Bizarre systems (including witch-hunts) can be made to appear reasonable, logical, unavoidable and incontrovertible – at least for a period. In other words, magic can be made to look reasonable and rational, helping to explain how populations could be so readily mobilised into a project that is so counterproductive in terms of the expressed aim of defeating terrorism. This is partly because dissenters risk being labelled as 'enemies', partly because we often take punishment as evidence of guilt ('just world thinking'), and partly because enemies can be made to resemble one's pre-existing (and distorted) image of them. Hannah Arendt's idea of 'action-as-propaganda' is used (in Chapter 7) to explain how abusive actions have come to acquire particularly for many Bush supporters in the United States – an air of legitimacy and inevitability.
Part of the psychological function of counterproductive tactics is that they have helped to ward off feelings of shame and powerlessness. This is analysed in Chapters 8-9. Warding off shame involves finding others who will confirm you in your illusions and reassure you that your behaviour (however irrational and immoral it may appear to most people in the world) is really rational and moral after all. If and when these others refuse to confirm your illusions and to sanction your definition of enemies, they too are likely to become part of an ever-expanding category of 'enemies'. The USA's dangerous project of serial persecution has been consistently backed by the UK as well as getting sporadic support from whoever else can be flattered, bribed, cajoled or coerced into compliance. It is precisely the irrationality of this potentially endless endeavour – somewhere between Bush magic and the Blair witch project – that creates the necessity of orchestrating and bullying approval. Warding off shame and powerlessness has also involved an attempt to combat elements of apparent weakness and impurity – both in US foreign policy and in policies aimed at 'moral regeneration' at home. This response has important historical precedents.

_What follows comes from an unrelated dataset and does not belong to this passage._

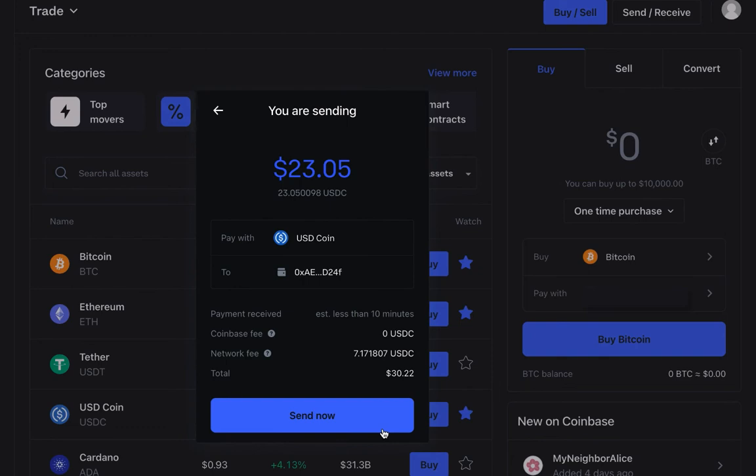This will open the final transaction preview. Check over the transaction, and if everything looks as it should, click Send Now.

Chapter 10 discusses a number of discourses that seem to have fed into predictably counterproductive tactics. Foucault suggests in I, Pierre Riviere that a crime cannot usefully be considered in isolation from the texts, including religious texts, in which the perpetrator and his society are immersed. Writers like Noam Chomsky and John Pilger tend to portray discourse as merely a smokescreen for power. They see distorted media coverage of the 'war on terror' as a pretty direct expression of US war-mongers' interests and as strongly reflecting US government propaganda in particular. Sheldon Rampton and John Stauber have also produced important analysis along these lines. But this is only part of the story. David Miller – in the introduction to his edited collection, Tell Me Lies – touches on an important qualification to the emphasis on 'lies' in the book's title: 'members of the elite come to believe their own lies,' he writes, 'and seem unable to break free of the operating assumptions of the system ... they come to believe that the world seen through the distorting lens of their own self interest is how the world really is'. The point is not elaborated in much detail, but it is important to try to examine the nature of these 'operating assumptions' and where they come from. As Foucault noted, officials may in some sense be trapped by dominant rhetoric, including their own. Whilst often self-serving, misconceptions also spring from a particular culture and a particular tradition, which help to sustain them in the face of mounting evidence that they are not working. Paradoxically, belief in these 'operating assumptions' seems to be strengthened by evidence of their falsity, and an interesting question is this: what kind of evidence would it take to convince Bush and Blair that they are wrong?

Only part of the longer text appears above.